YOUR ASSIGNMENT.
The answer should be a faithful retyping of the records that follow, pictures excluded.

Source records.
= = = =
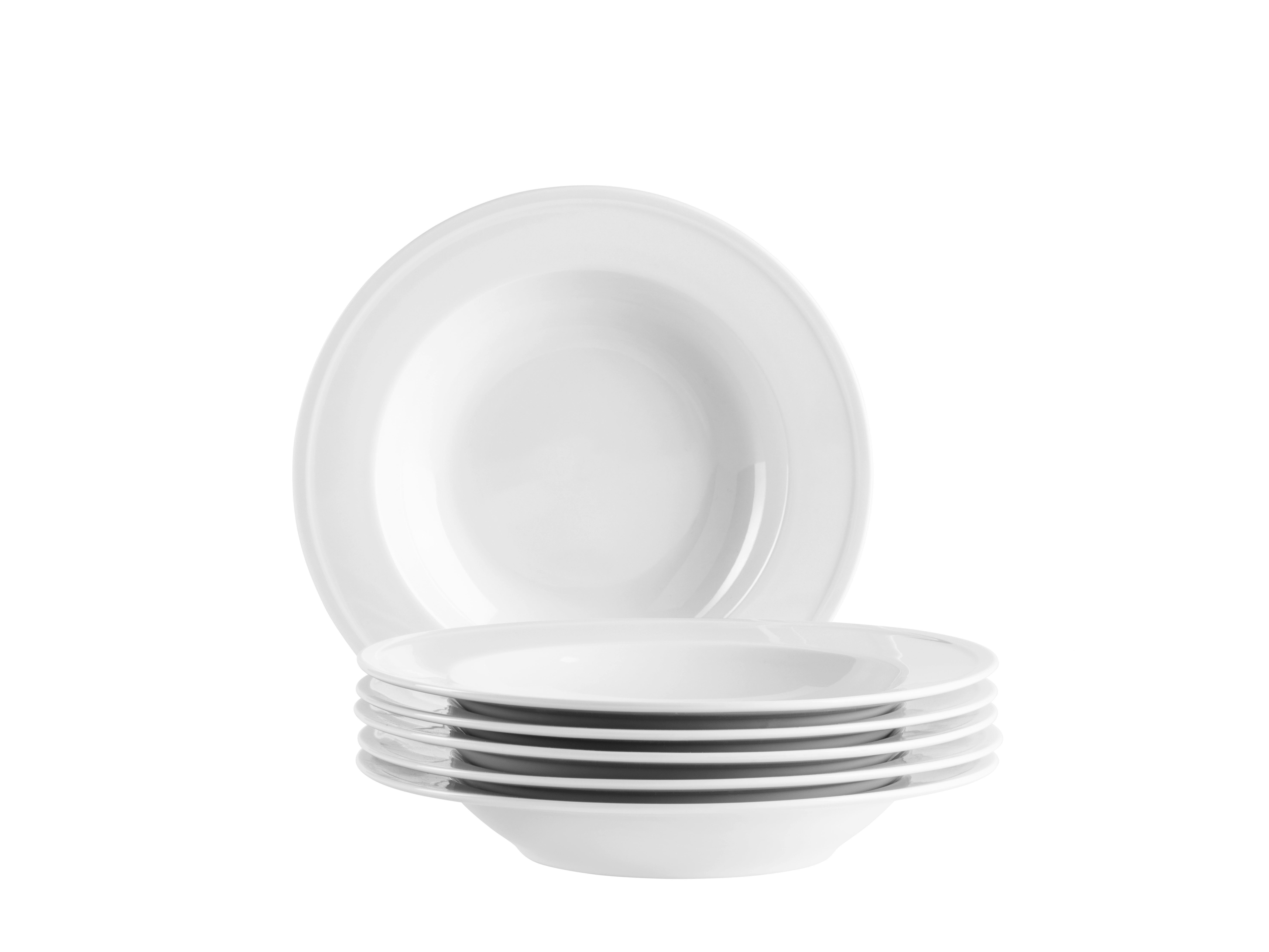 Tellerset Arlona Weiß 6-teilig - Weiß, Basics, Keramik - Mäser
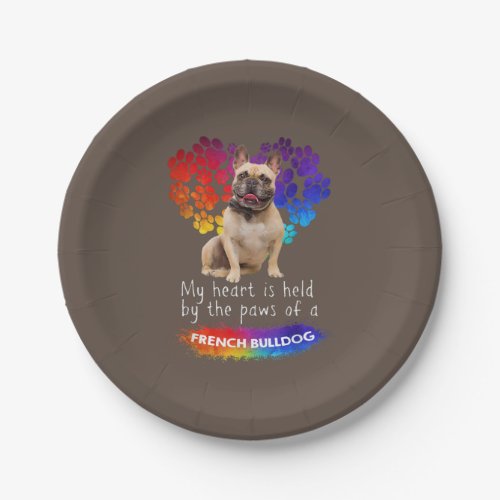 My Heart Is Held By The Paws Of A French Bulldog Paper Plates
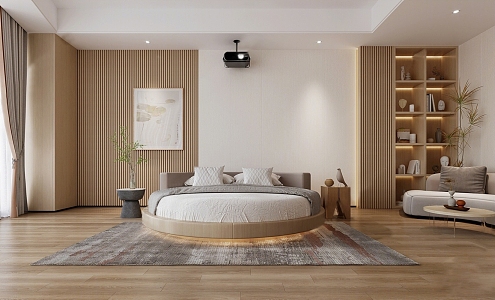 Modern Room Round Bed Hotel Room 3d model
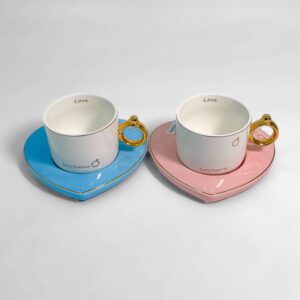 Ceramic Couple Cup and Saucer Set 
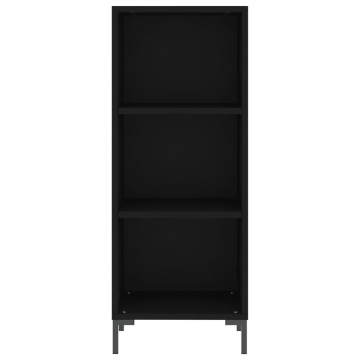 Dulap înalt, negru, 34,5x34x180 cm, lemn prelucrat - Img 7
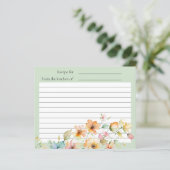 Papier Joli Boho Orange rose Aquarelle Fleurs sauvages (Debout devant)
= = = =
RESPONSE BELOW.
 Tellerset Arlona Weiß 6-teilig - Weiß, Basics, Keramik - Mäser
 My Heart Is Held By The Paws Of A French Bulldog Paper Plates
 Modern Room Round Bed Hotel Room 3d model
 Ceramic Couple Cup and Saucer Set 
 Dulap înalt, negru, 34,5x34x180 cm, lemn prelucrat - Img 7
 Papier Joli Boho Orange rose Aquarelle Fleurs sauvages (Debout devant)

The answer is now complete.